Per noi è una notizia allarmante, perché l’idea della costruzione di un grande partito che sviluppi in forme nuove le diverse tradizioni del riformismo italiano, che sia radicato nella società e politicamente autonomo, con lui alla guida, non potrà mai realizzarsi. Per la semplice ragione, ormai evidente anche ai suoi più ostinati difensori, che Walter Veltroni e il progetto del Partito democratico sono incompatibili.
A dirlo non sono solo i pochi, emblematici esempi citati, ma la storia di questi mesi. E’ passato quasi un anno dalle primarie e il Partito democratico non è un partito e non è democratico. E la sua crisi di consenso e di credibilità è ormai conclamata.
Naturalmente si può sempre decidere di aspettare che il logoramento del leader arrivi al punto da renderne inevitabile e non traumatica la sostituzione, come avvenne a suo tempo per Achille Occhetto. E questa probabilmente è la cinica strategia dei molti che nel Pd assistono all’agonia senza muovere un dito. Il problema è che col passare del tempo, purtroppo, non è solo Veltroni a logorarsi, ma anche quel che resta della sinistra italiana – sempre meno, purtroppo – abbandonata su un’altalena che oscilla in modo spericolato tra alterne improvvisazioni ed eterne subalternità.

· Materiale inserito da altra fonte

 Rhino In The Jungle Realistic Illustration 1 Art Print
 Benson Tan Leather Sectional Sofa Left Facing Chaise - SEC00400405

Il passaggio più importante del discorso di Firenze, da questo punto di vista, Veltroni lo ha dedicato a una foto che nei giorni scorsi ha fatto il giro del mondo: un orso polare tradito dallo scioglimento dei ghiacci attorno a sé, che non sa come mettersi in salvo. “Il mio cuore sensibile si è commosso”, ha detto Veltroni. Non fatichiamo a crederci. Probabile che sia scattato qualcosa di molto profondo, nel segretario del Pd, anche lui solo e smarrito, in mezzo al progressivo disfacimento del suo partito. E’ un futuro possibile che dovrebbero tenere bene a mente i molti dirigenti – di ogni corrente, area, ispirazione – che a Firenze si sono sentiti addossare tutte le colpe delle attuali difficoltà e promettere severe lezioni dal primo responsabile dell’attuale sfacelo. Aspettare cinicamente la fine della parabola occhettiana del segretario e confidare nel riscaldamento globale porta a un unico epilogo, quello dell’orso polare, quando il partito liquido della nuova stagione, al primo sole di marzo, si sarà già completamente liquefatto. E Veltroni sarà l’ultimo ad affondare.
A chi non voglia affondare prima di lui consigliamo pertanto di dar retta al segretario e fare della questione ambientale un assillo quotidiano. Come si dice in questi casi: oggi è già tardi.